Hutchinson and Powell lay out the development of mold litigation, including some significant cases with large verdicts, and point out that the proliferation of "junk science" claims that form the foundation of mold litigation ironically occurred at the same time that the U.S. Supreme Court Daubert decision laid down new guidelines that tightened the standards for scientific testimony. The Supreme Court said that federal judges need to be gatekeepers – that they have an obligation to be vigilant against "expertise that is fausse and science that is junky." The authors examine mold litigation through the Daubert microscope and argue that the serious health claims that pervade mold litigation – brain damage, lung hemorrhage, and cancer – cannot withstand scrutiny under the "reliable science" standard of Daubert.
The scientific community has not been unresponsive to the spurious nature of mold claims. Probably the most complete examination of the scientific record was conducted by Cleveland microbiologists who published their findings in January 2003, concluding that there is no supportive evidence for serious illness from toxic mold in the contemporary environment. Other studies from the American Industrial Hygiene Association and the National Institute of Occupational Safety and Health (NIOSH) came to similar conclusions. The authors note that "science has confirmed common sense" since mold is not some rare, exotic toxic material but is everywhere, making up 25 percent of the earth's biomass. If mold were extremely toxic, one could expect to see epidemics wherever people are exposed to the highest levels of mold – vacation spots and outdoor camps, for example.
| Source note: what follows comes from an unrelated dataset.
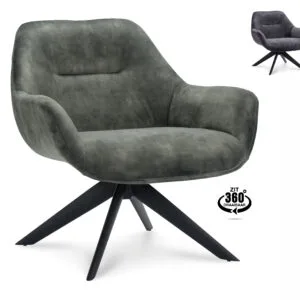 Draaifauteuil - Hidde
Nonetheless, the opportunism of trial lawyers and the media's love for scary stories have kept the litigation "mushrooming." The pace of litigation is increasing. The Insurance Information Institute indicates that 10,000 mold-related suits are pending nationwide, a 300 percent increase since 1999. This number may be conservative. A California plaintiffs' lawyer asserts that he has "thousands" of claims himself, including one brought by Erin Brockovich.
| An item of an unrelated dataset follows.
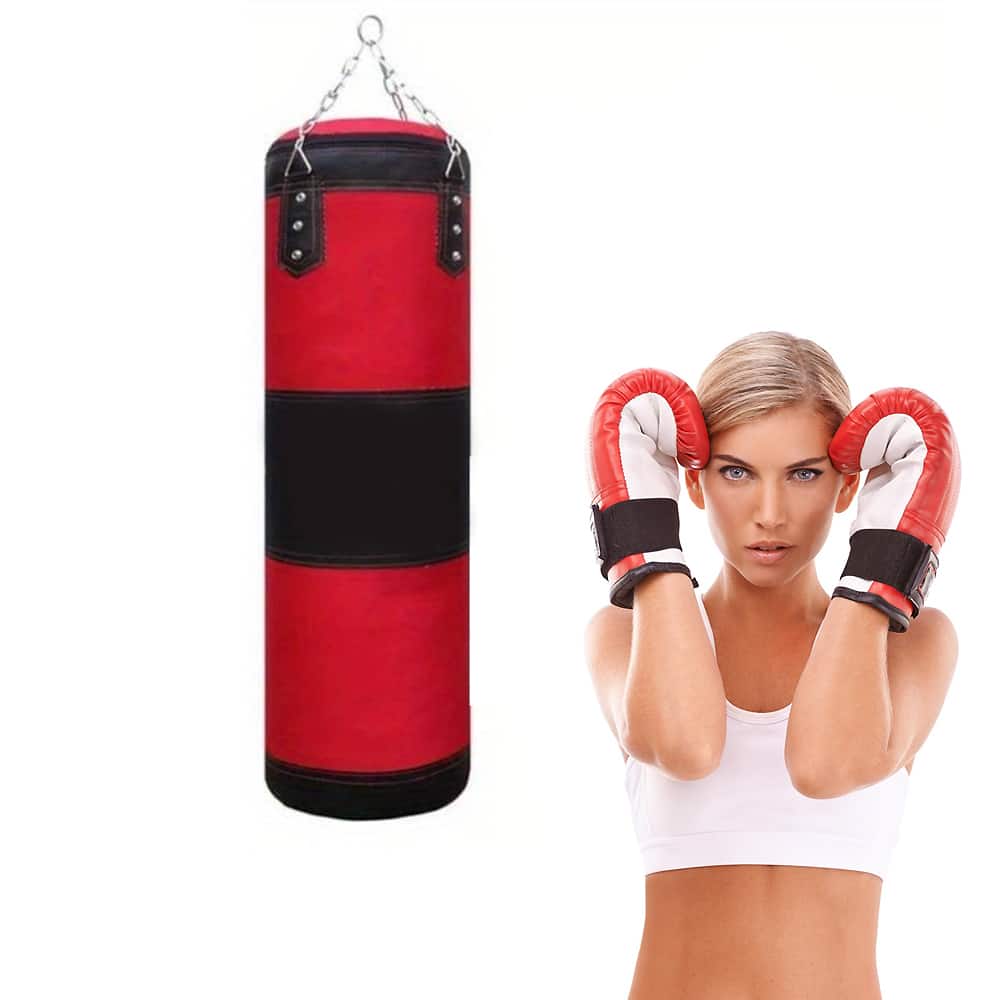 Boxsack für Fitness- und Boxtraining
Hardin and his team of scientists provide a detailed primer on mold in "A Scientific View of the Health Effects of Mold." Fungi, they point out, play an "essential role in the cycle of life as the principal decomposers of organic matter, converting dead organic material into simpler chemical forms that can in turn be used by plants for their growth and nutritional needs. Without fungi performing this essential function, plant and animal debris would simply accumulate." Mold is everywhere.
The paper examines in depth each type of health complaint associated with mold and offers an extensive survey of the scientific literature on the topic. It determines that mold can cause allergies for those who are "atopic" or prone to allergic reactions. And, "despite the fact that it can produce toxic substances under appropriate growth conditions, years of intensive study have failed to establish exposure to Stachybotrys ["toxic" mold] in home, school, or office environments as a cause of adverse health effects." The paper concludes that infections caused by mold are rare, except for those individuals who are "immune-compromised." Finally, it asserts that "there is no sound scientific evidence that mold causes 'toxicity' in doses found in home environments."